Agnès Crepet : Je trouve qu’il y a quand même des choses, le mouvement Right to Repair, ce genre de choses.

Frédéric Couchet : Le droit à la réparation.

Agnès Crepet : Oui. Le droit à la réparation. Ça s’est principalement lancé sur l’Angleterre mais c’est allé aussi ailleurs et je pense que ça a beaucoup d’impacts au niveau de la Commission européenne et c’est plutôt pas mal. On dépasse la téléphonie mobile, ça touchait aussi, principalement, les fabricants d’appareils électroniques, pousser ces fabricants-là à faire des appareils qui durent et capables d’être réparés, je trouve ça pas mal.
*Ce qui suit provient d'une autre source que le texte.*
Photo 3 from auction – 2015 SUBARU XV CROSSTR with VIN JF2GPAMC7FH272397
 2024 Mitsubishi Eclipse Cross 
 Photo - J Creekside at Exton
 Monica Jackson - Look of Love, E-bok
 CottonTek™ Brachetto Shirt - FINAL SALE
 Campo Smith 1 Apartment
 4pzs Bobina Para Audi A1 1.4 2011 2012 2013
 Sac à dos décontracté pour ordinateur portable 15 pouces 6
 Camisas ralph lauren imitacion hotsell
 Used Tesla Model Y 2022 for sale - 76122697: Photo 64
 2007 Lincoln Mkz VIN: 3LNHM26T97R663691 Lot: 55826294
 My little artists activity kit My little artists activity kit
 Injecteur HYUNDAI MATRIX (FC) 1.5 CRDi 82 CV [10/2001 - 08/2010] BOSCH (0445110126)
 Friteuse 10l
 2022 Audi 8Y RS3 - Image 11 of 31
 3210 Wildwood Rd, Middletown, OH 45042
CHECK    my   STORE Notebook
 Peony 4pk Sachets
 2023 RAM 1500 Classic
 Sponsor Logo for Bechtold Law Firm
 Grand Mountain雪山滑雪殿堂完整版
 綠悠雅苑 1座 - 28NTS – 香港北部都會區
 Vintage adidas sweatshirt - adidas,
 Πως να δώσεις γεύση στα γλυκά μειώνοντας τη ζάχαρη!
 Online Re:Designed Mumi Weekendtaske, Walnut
Frédéric Couchet : D’accord. Je précise juste, pour les gens qui sont en France, qu’il y a bientôt au Sénat le projet de loi, de mémoire c’est « Réduire l’empreinte environnementale du numérique en France », qui arrive en seconde lecture. Si des gens veulent se mobiliser auprès des sénateurs et sénatrices, n’hésitez pas.
On arrive au bout de ce sujet mais on en reparlera, je pense, dans une autre émission, avec mes deux dernières questions : si vous avez des besoins, des annonces à faire et surtout la question finale, en moins de deux minutes, pour conclure, quels sont les éléments clefs que vous souhaiteriez que les auditeurs et auditrices retiennent de cette émission ? On va commencer par Gaël. On laissera le mot de la fin à Agnès. Gaël.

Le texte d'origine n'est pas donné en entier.